Morphological Classification of Extragalactic Radio Sources Using Gradient Boosting Methods

The field of radio astronomy is witnessing a boom in the amount of data produced per day due to newly commissioned radio telescopes. One of the most crucial problems in this field is the automatic classification of extragalactic radio sources based on their morphologies. Most recent contributions in the field of morphological classification of extragalactic radio sources have proposed classifiers based on convolutional neural networks. Alternatively, this work proposes gradient boosting machine learning methods accompanied by principal component analysis as data-efficient alternatives to convolutional neural networks. Recent findings have shown the efficacy of gradient boosting methods in outperforming deep learning methods for classification problems with tabular data. The gradient boosting methods considered in this work are based on the XGBoost, LightGBM, and CatBoost implementations. This work also studies the effect of dataset size on classifier performance.
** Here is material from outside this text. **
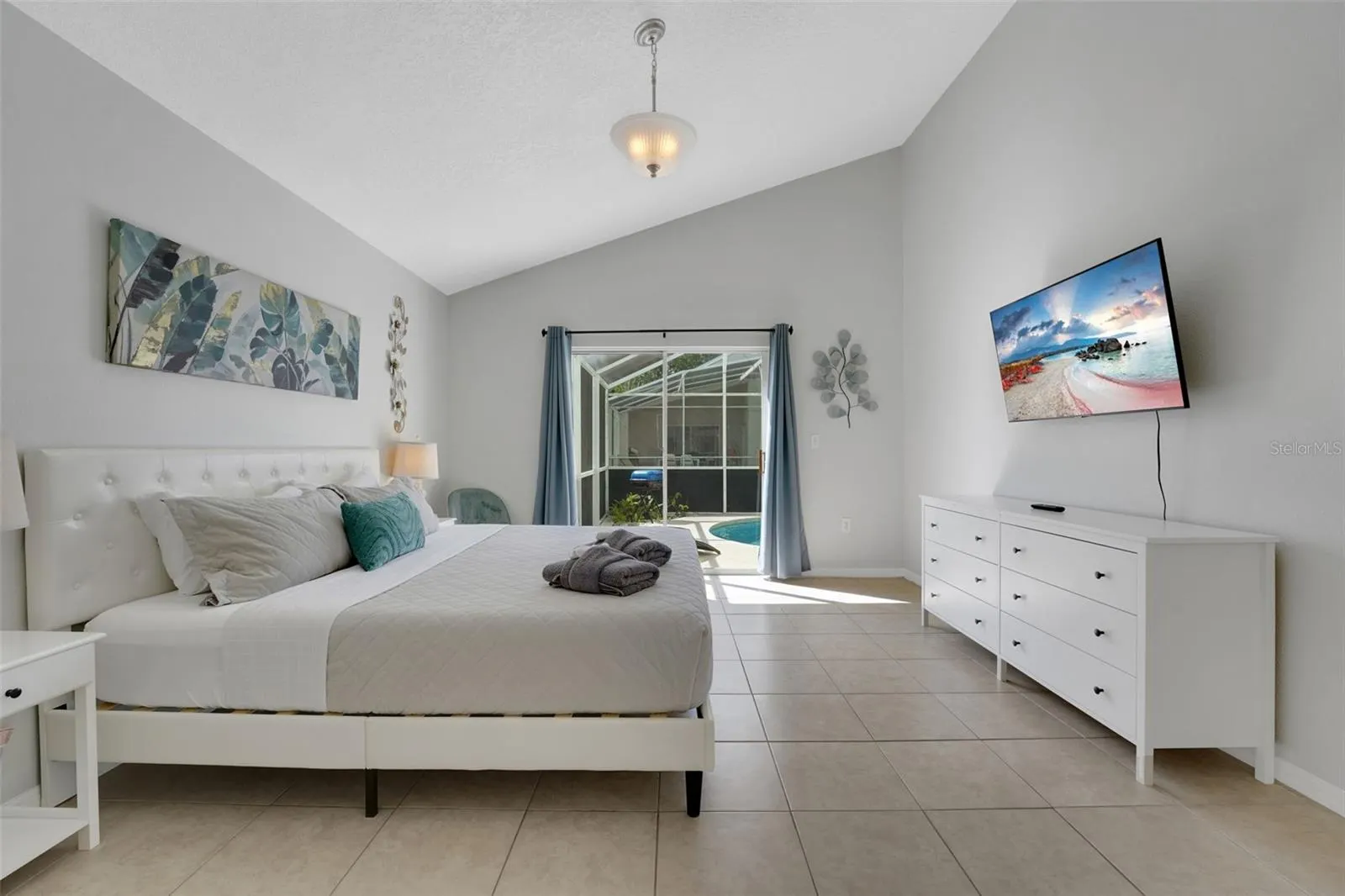 4310 BAYSIDE DR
A three-class classification problem is considered in this work based on the three main Fanaroff-Riley classes: class 0, class I, and class II, using radio sources from the Best-Heckman sample. All three proposed gradient boosting methods outperformed a state-of-the-art convolutional neural networks-based classifier using less than a quarter of the number of images, with CatBoost having the highest accuracy. This was mainly due to the superior accuracy of gradient boosting methods in classifying Fanaroff-Riley class II sources, with 3$\unicode{x2013}$4% higher recall.